Thursday, September 18, 2008

Will Cuppy

Tomorrow is the 59th anniversary of the death of the great American satirist Will Cuppy. Not as familiar or as widely read today as he should be, Cuppy was a very popular essayist and reviewer during his lifetime. And although a very private, even reclusive individual, he was well-known and respected in the literary world of his day. He published articles in the New Yorker, wrote the “Mystery and Adventure” review column for the New York Herald-Tribune, and also wrote for the Saturday Evening Post. In the 1940s he was the editor of three collections of stories in the crime and mystery genre.

But his finest works were his books of satirical essays and stories about nature and historical figures, starting with How to Be a Hermit in 1929. That book grew out of Cuppy’s experience keeping house for himself (he never married) in a shack on New York’s Jones Island. It became an immediate best-seller when it appeared and went through six printings in four months. It was followed by How to Tell Your Friends from the Apes in 1931, How to Become Extinct in 1941, and How to Attract the Wombat in 1949.

However, the book he’s most remembered for today (and my favorite) is The Decline and Fall of Practically Everybody, which was pulled together by his friend and editor Fred Feldkamp, and published posthumously in 1950. It’s a wonderfully researched, and at times absolutely hilarious, book about the great figures of history from Khufu and Hatshepsut in ancient Egypt, to Captain John Smith and Miles Standish in Colonial America.

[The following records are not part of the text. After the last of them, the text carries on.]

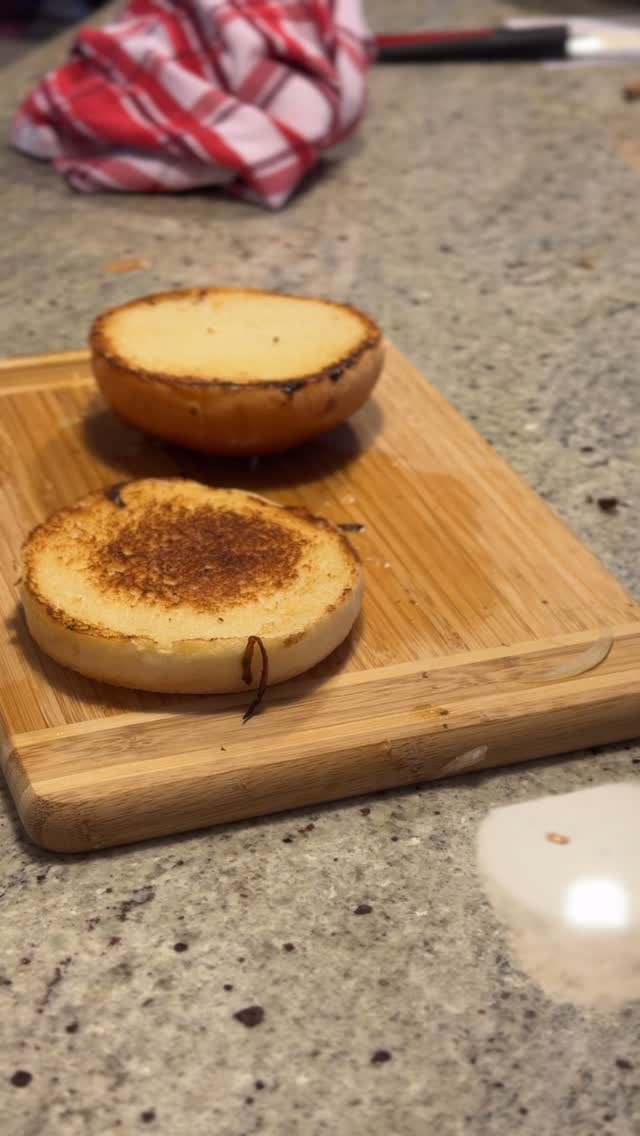 Picture this: It’s Saturday night, you’re craving a burger, but not another basic cheeseburger with standard beef. You want something special, something that tastes like forest, campfire and fresh air – and still fits into your flexitarian lifestyle. That’s exactly where this wild game burger comes in.
This wild game burger with venison mince, mushroom relish, butter-toasted brioche, orange slices and wild lingonberry jam is a refined twist on the classic cheeseburger. You combine the intense yet elegant flavour of venison with fruity acidity and savoury mushrooms – perfect for health-conscious food lovers in their 20s and 30s who enjoy meat in high quality and small amounts. Wild venison is naturally lean, high in protein and comes without feedlots or routine medication, which makes it a great choice for flexitarians who care about animal welfare and sustainability. Curious how the mushroom relish, orange and lingonberries turn this wild game burger into a gourmet moment? Let’s dive in.
Ingredients for 2 wild game burgers
2 brioche burger buns
300 g venison mince
1 teaspoon Dijon mustard
1 small shallot, very finely chopped, optional
1 teaspoon Worcestershire sauce or soy sauce
salt & Pepper
For the mushroom relish
150 g brown mushrooms or mixed wild mushrooms, finely diced
1 small onion, diced
1 garlic clove, finely chopped
1 tablespoon butter
1 teaspoon olive oil
50 ml red wine or red grape juice
1 teaspoon thyme
salt and pepper
1 organic orange
2 to 3 tablespoons wild lingonberry jam or cranberry sauce
2 to 4 thin slices of young goat cheese
#Foodforflexitarians
#wildgameburger
#venisonburger
#gourmetburgerrecipe
#flexitarian
mindfuleating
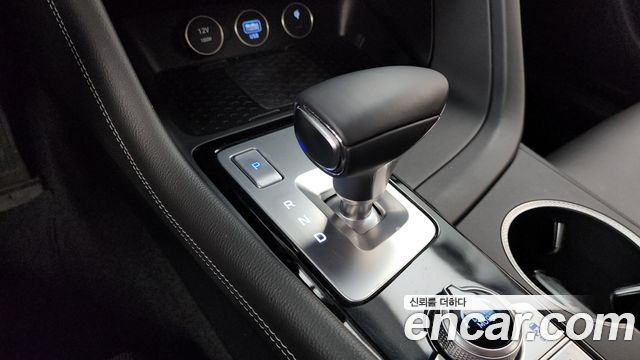 Genesis G70 Gasoline 2.5T 4WD 2024 — фото 9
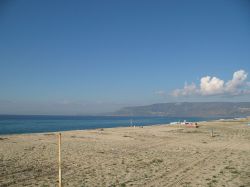 La spiaggia di San Ferdinando in Calabria Von GJo - Eigenes Werk, CC BY-SA 3.0, Link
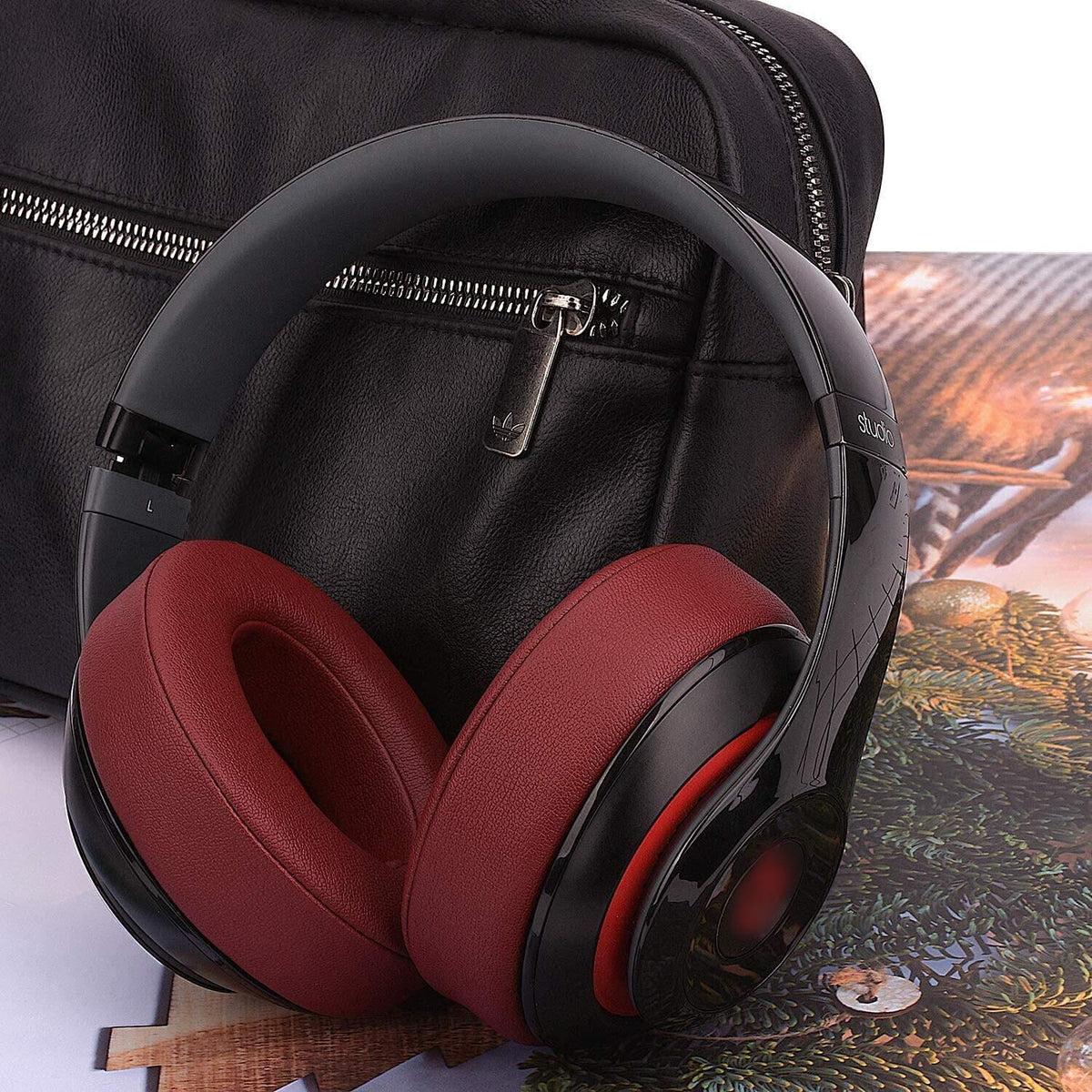 SoloWIT Burgundy ear pads protein leather detail with premium look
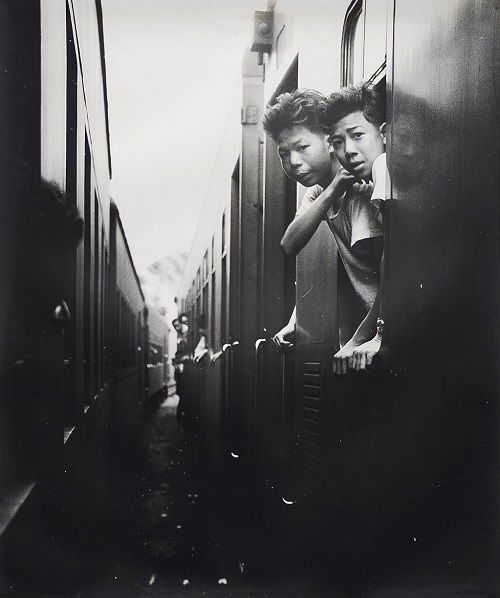 Foto: Yau Leung - "Train Junction (Ma Liu Shui)", 1963. Foto: Yau Leung - "Train Junction (Ma Liu Shui)", 1963. // imagenes chidas, historicas, bellas, hong kong antiguo, blanco y negro, cool pictures, vintage photos.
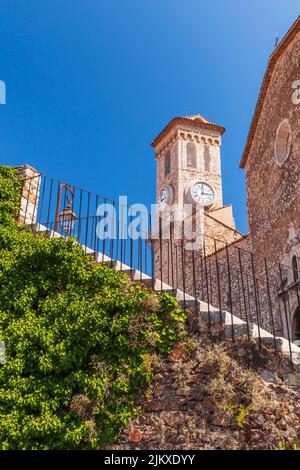 Glockenturm der Kirche unserer Lieben Frau der Hoffnung in Cannes, Frankreich. Vertikales Foto, das an einem sonnigen Tag aufgenommen wurde Stockfoto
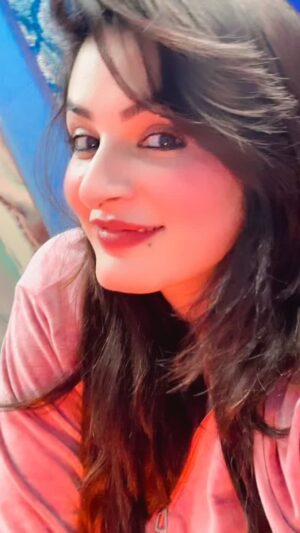 Sonia Thakur Instagram - #reelsinstagram #followforfollowback #trendingreels #videoviral #family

Cuppy was very serious about his subject matter, even though he was writing in a comic and satirical vein. According to Feldkamp:
. . . before writing a line on any topic – or even thinking about what he might write – he would read every volume and article on the subject that he could find – including, in many cases, obscure books no longer available in this country. This was standard operating procedure, whether the topic in question was the Giant Ground Sloth or Catherine the Great.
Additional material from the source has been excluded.